Nucor’s Consumer Spot Price (CSP) -the price charges for hot-rolled coils across all of its mills- was $5/nt ($6/mt) less this week, following three previous weeks of steady pricing, following lower April scrap settlements. Monthly scrap prices are now seen sideways to down for May, market insiders told SteelOrbis.
Nucor’s CSP price is posted at $930/nt ($1,025/mt), or $46.50, FOB mill, off from $935/nt ($1,031/mt), or $46.75/cwt., one week earlier. Nucor’s California Steel Industries (CSI) monitor was also down $5/nt on an FOB mill basis at $990/nt ($1,091/mt), or $49.50/cwt., following three previous weeks of price stability.
Market insiders told SteelOrbis that finished steel pricing was steady to potentially down following a late-March peak in prices which saw the weekly Nucor CSP monitor at its highest level since reporting began in April of 2024. A combination of recent lower prices for April scrap and now May scrap, with a growing hesitation by domestic mills to continue to raise posted prices may be behind lower the CSP and CSI prices and finished steel pricing in general.
Domestic mills, they said, are reluctant to continue to raise prices because higher finished steel pricing could make imported finished steel products more competitive with domestic supply, even given current 25 percent import tariffs and other combined import duties.
Today’s price decline is the first reported since prices started to rise on January 27. Since that date, values have risen by 24 percent. Prior to that, prices were stable for nearly three months at $750/nt ($827/mt) or $37.50/cwt. Insiders said high scrap prices for the first quarter had buoyed finished steel values, though April scrap finished $20-40/gt less while May scrap is now seen steady to lower.

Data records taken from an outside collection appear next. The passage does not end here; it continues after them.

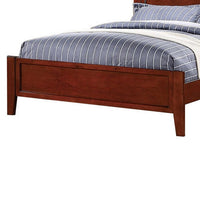Transitional Pine Wood Twin Bed, Panel Design Vertical Slats, Brown - PDX-F9047T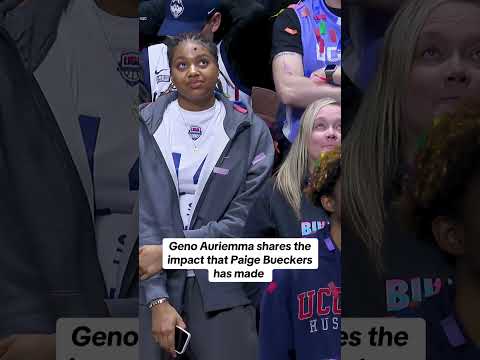 Geno shares impact of Paige Bueckers ❤️ #basketball #mvp #uconn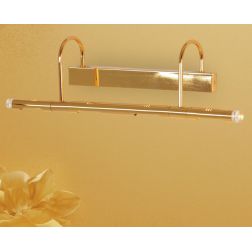 RUDY 4 APPLIQUE DA BAGNO O PARETE MODERNA IN METALLO DORATO LUCIDO CON LUCI ORIENTABILI Illuminando - Cristalensi Shop Online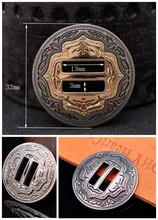 6X Western Cowboy Antique argent/or selles Tack bandeau bride maroquinerie métal fendu Conchos ceinture matériel 1-1/4
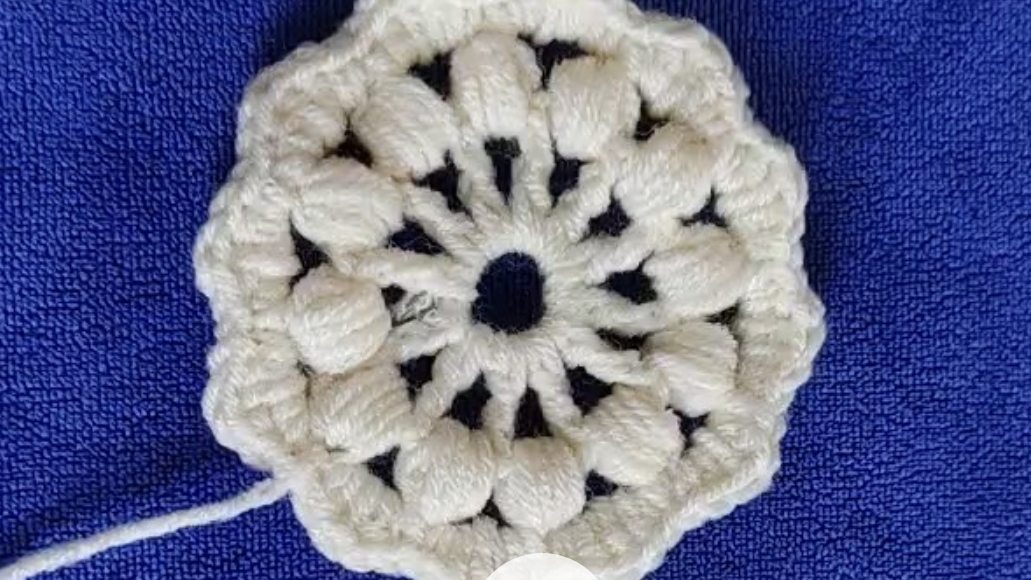 Ирландское кружево Цветочек, цветок, элемент Цветочек с пышными столбиками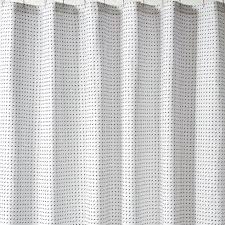 Stitch White Black Shower Curtain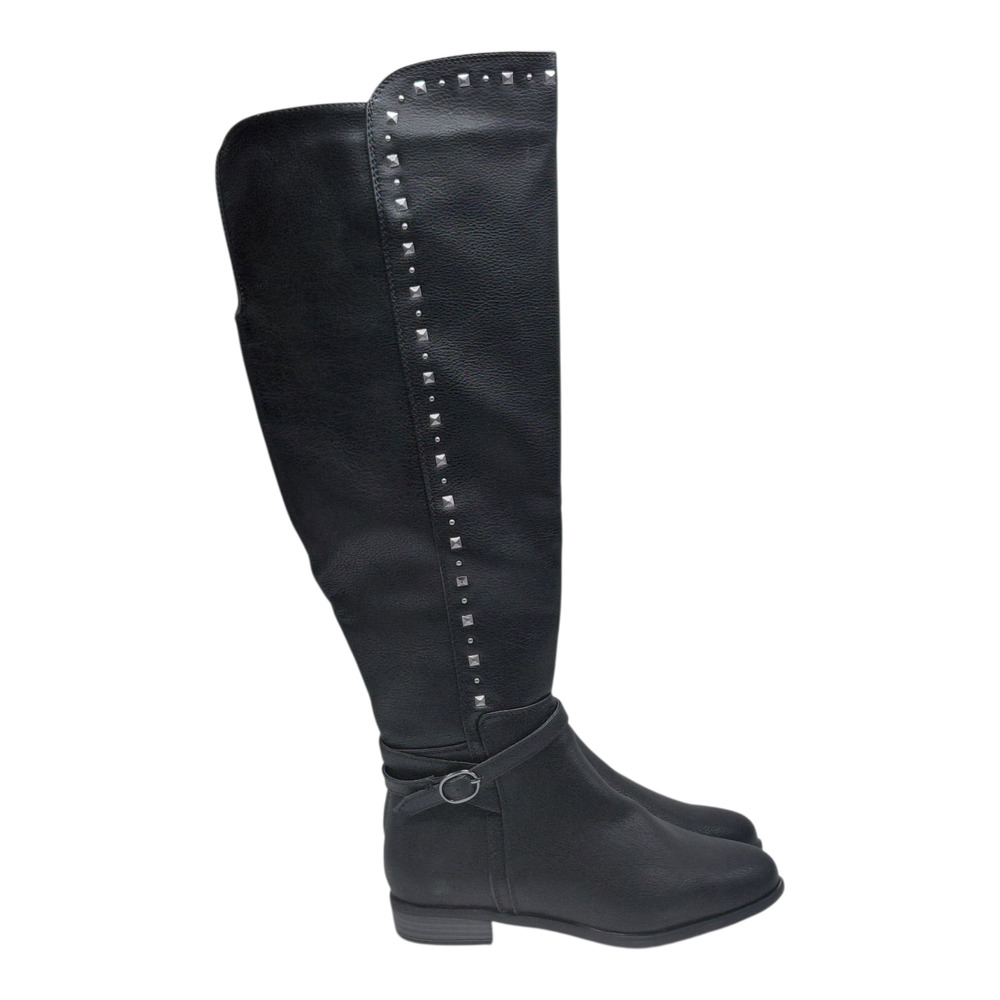 Rialto Over the Knee Riding Boots Womens 6M Western Chic Coastal Cowgirl Biker - Picture 2 of 14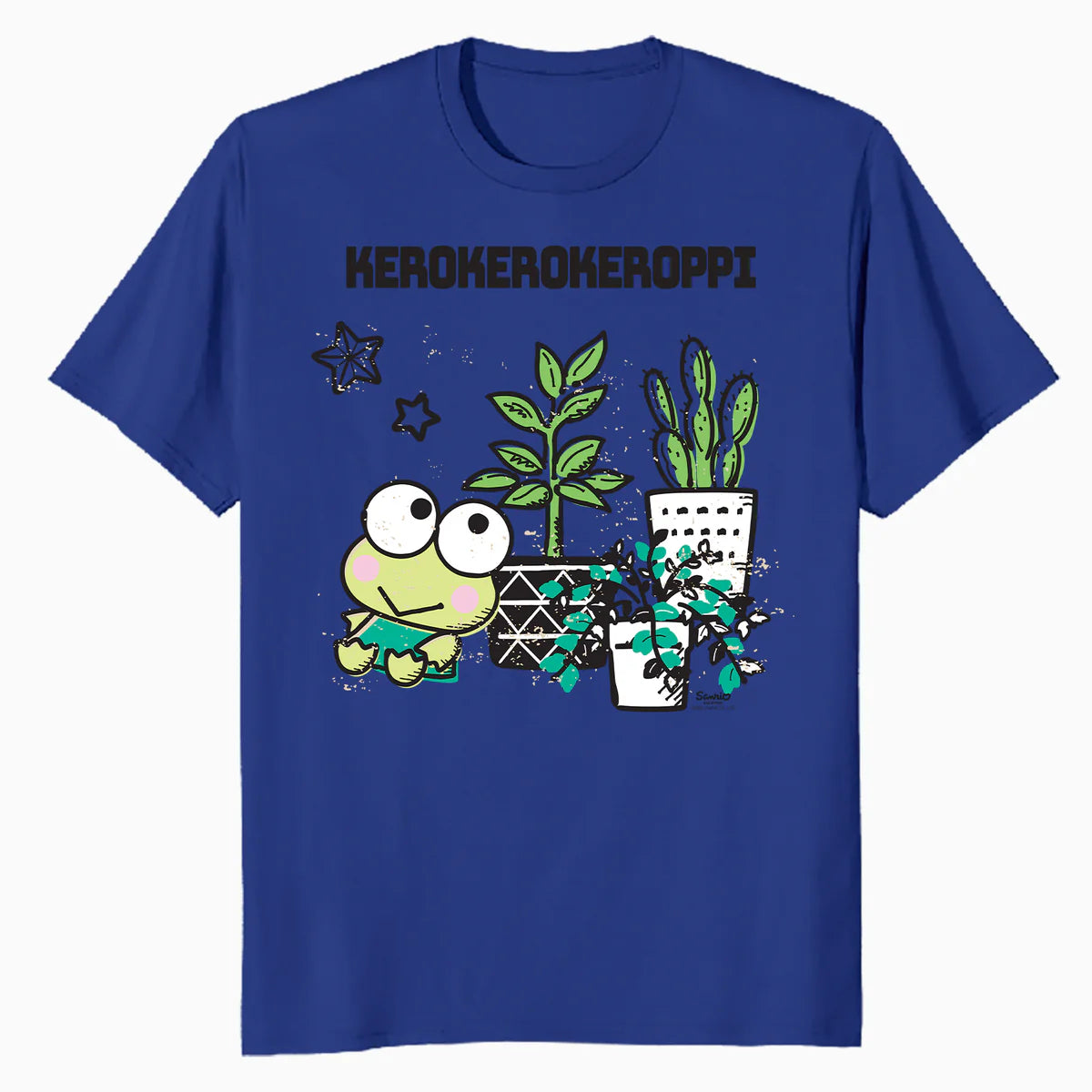 Hello Kitty Kerokerokeroppi Spring Flowers Fun Pose Classic Official Men's T-Shirt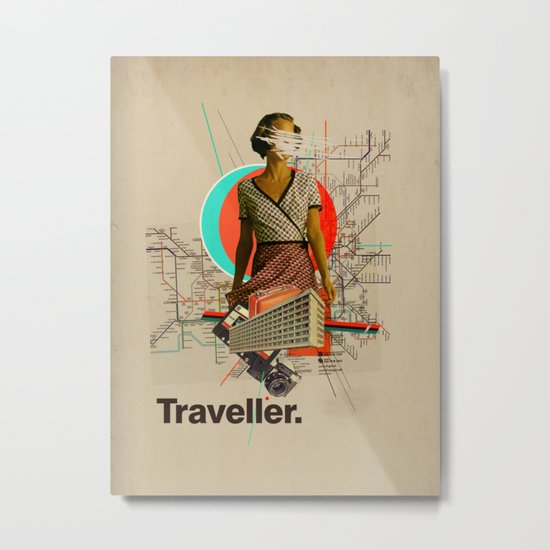 Traveller Metal Print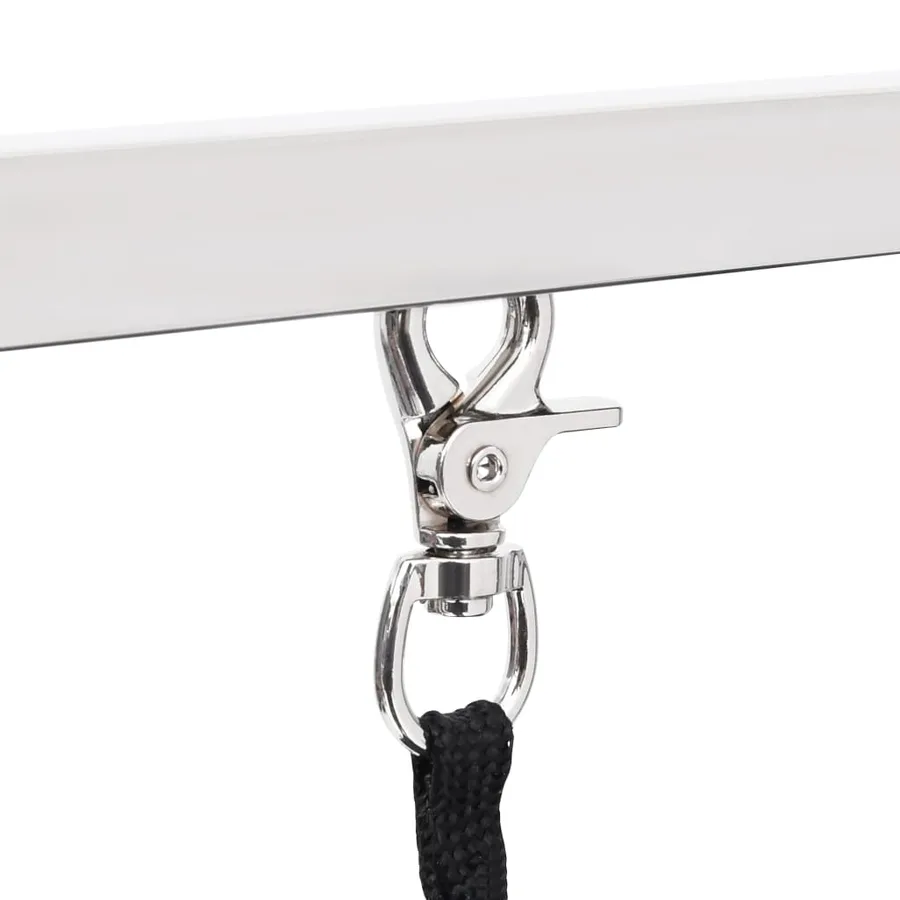 Table de toilettage réglable de chiens avec 2 boucles et panier - 7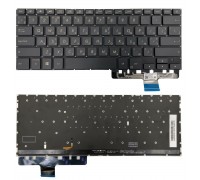 Клавіатура Asus ZenBook Pro 14 UX450FD UX480F чорна без рамки Прямий Enter підсвічування PWR UKR Original PRC (0KN1-5T1UA13)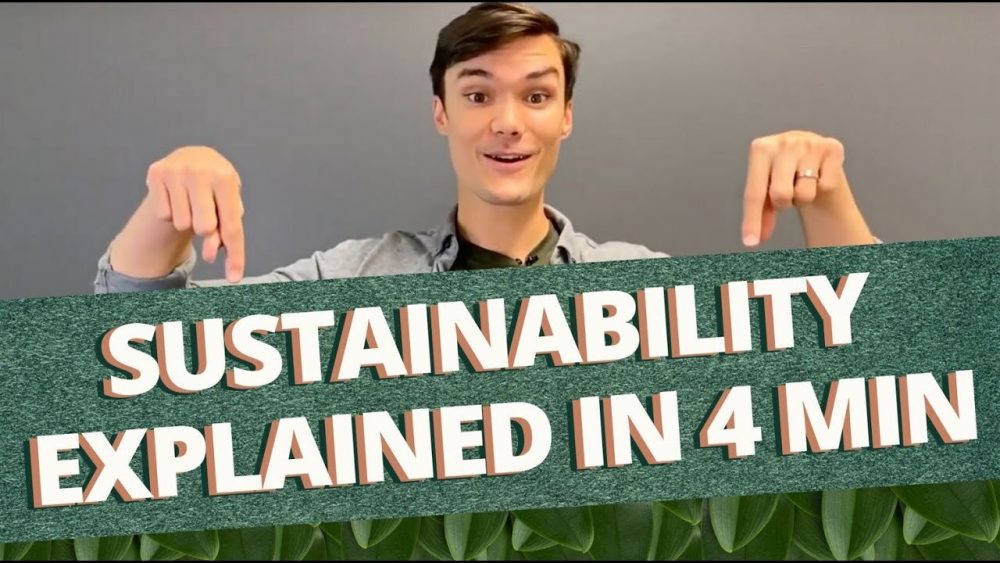 sustainability in four minutes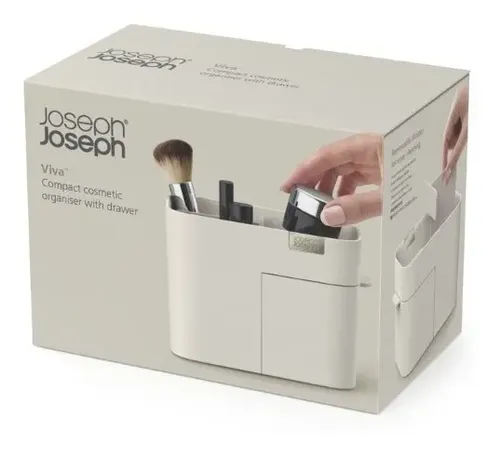 Organizador De Cosméticos Josep Joseph Viva Compacto Blanco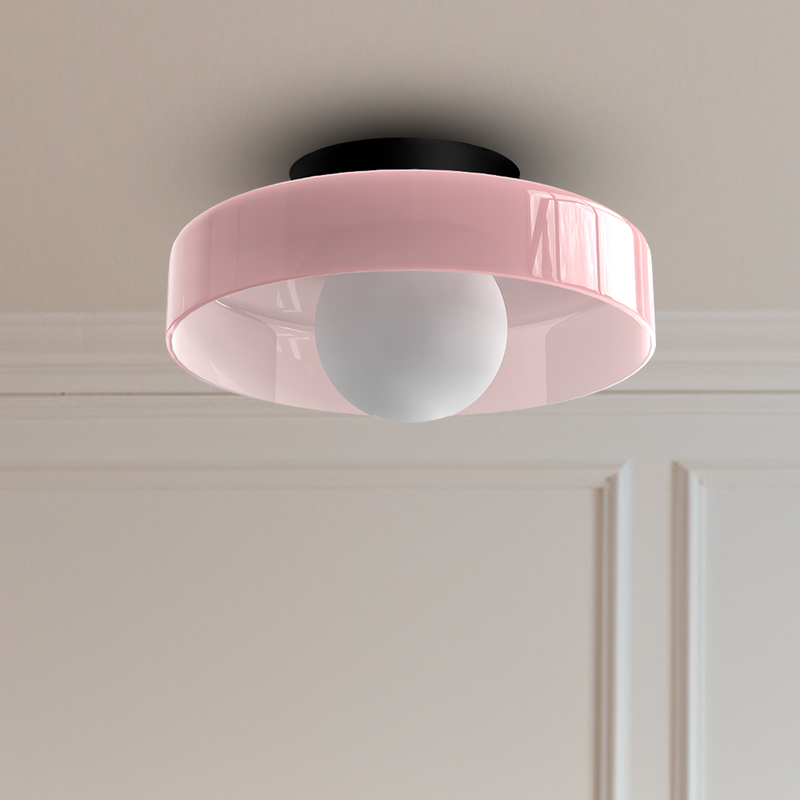 Nowoczesna okrągła lampa sufitowa LED do salonu i sypialni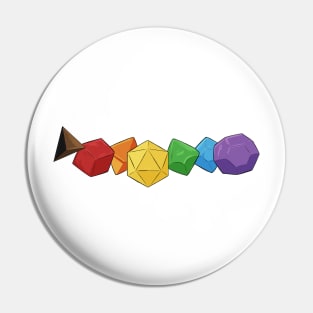 Pride Dice Rainbow Gay Pin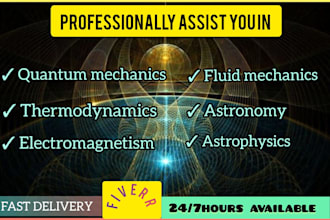 quantum mechanics astronomy electromagnetism thermodynamics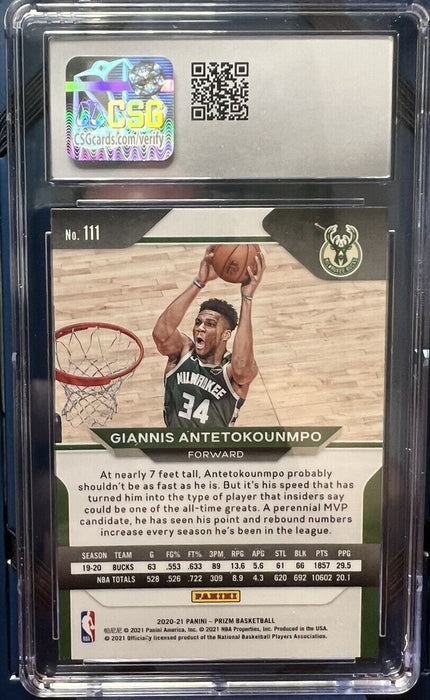 2020-21 Panini Prizm Giannis Antetokounmpo #111 INVEST NOW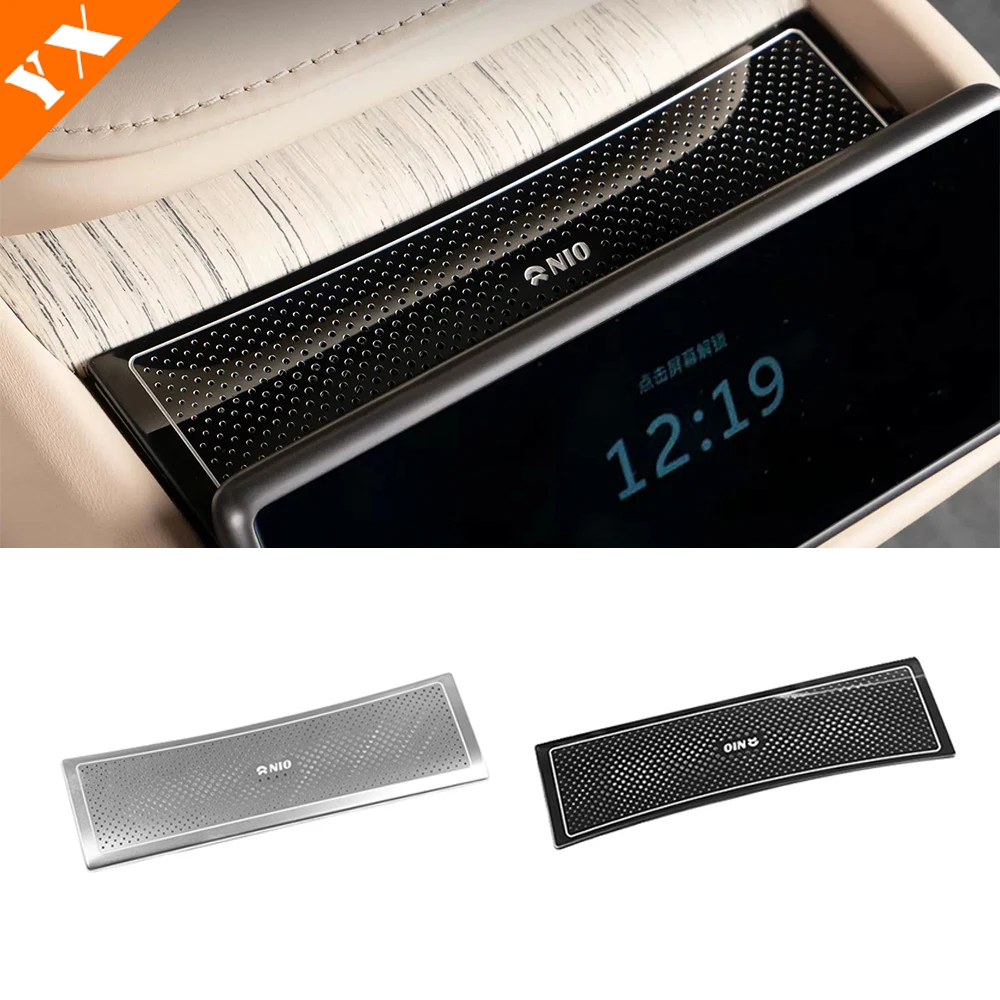 

Stainless Black Silver Trim For NIO ET7 2022-2024 Accessories Car Rear Air Conditioning Vent Cover Decor Anti Scratch Frame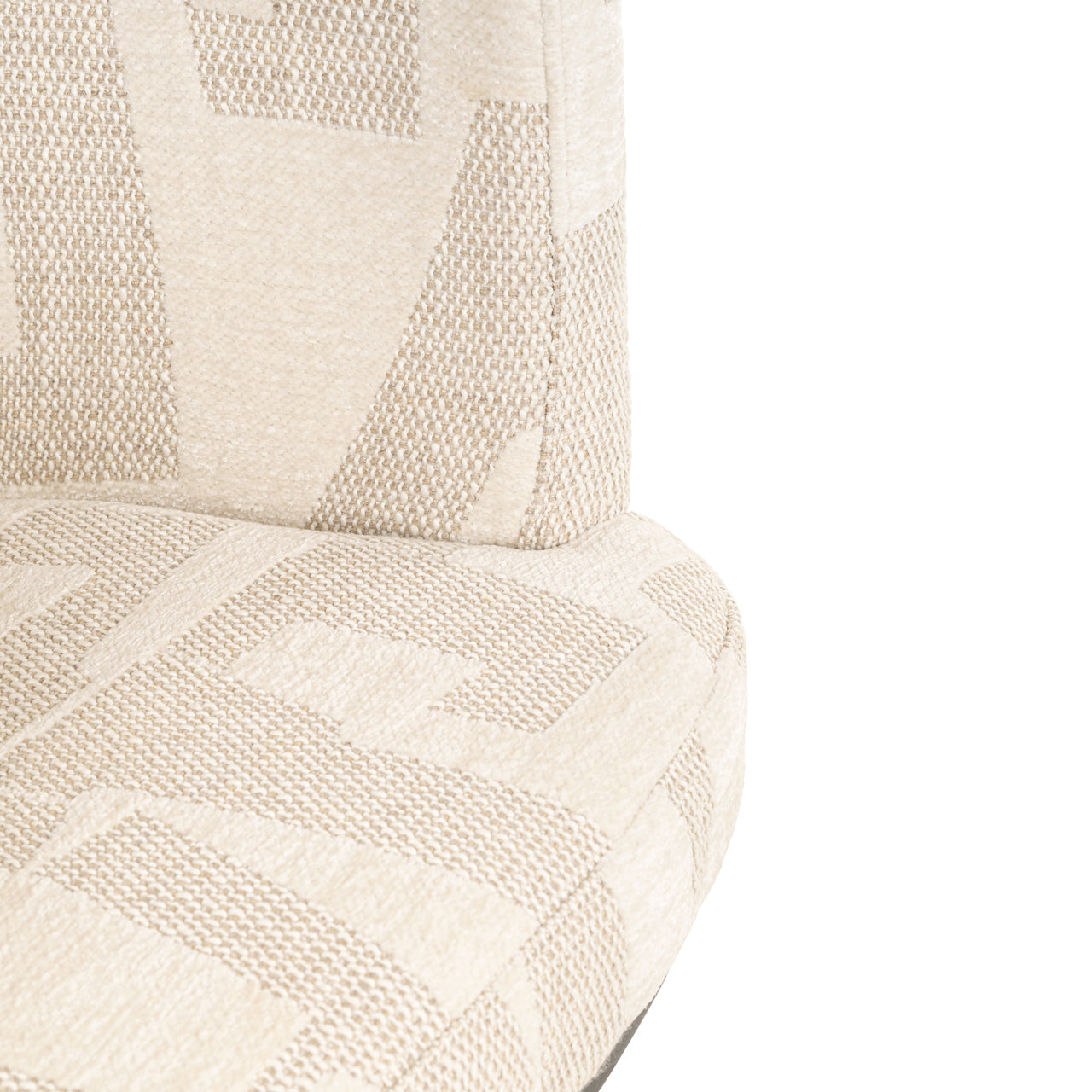 Richmond Interiors Barhocker Cheyenne beige graffic swivel Barhocker Richmond Interiors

“At this point I am hoping for sideways for May scrap, and expecting soft sideways settles, unless the tariffs are resolved,” said one East Coast scrap market insider. “I really don’t know if current pricing is the result of tariffs on scrap as much as the uncertainty facing new steel consumption and the economy in general, that’s disrupting things.”
In the domestic flat steel spot markets, the SteelOrbis weekly average for HRC rose last week by $35/nt ($39/mt) to $935/nt ($1,031/mt). HRC prices are now expected to flatten out, insiders told SteelOrbis.
Since the industry release of the Nucor CSP in April 2024, flagging finished steel demand has resulted in Nucor reducing its CSP as low as $650/nt ($717/mt), or $32.50/cwt. during the week of July 15. Since that time, Nucor’s CSP has risen nearly 43.1 percent.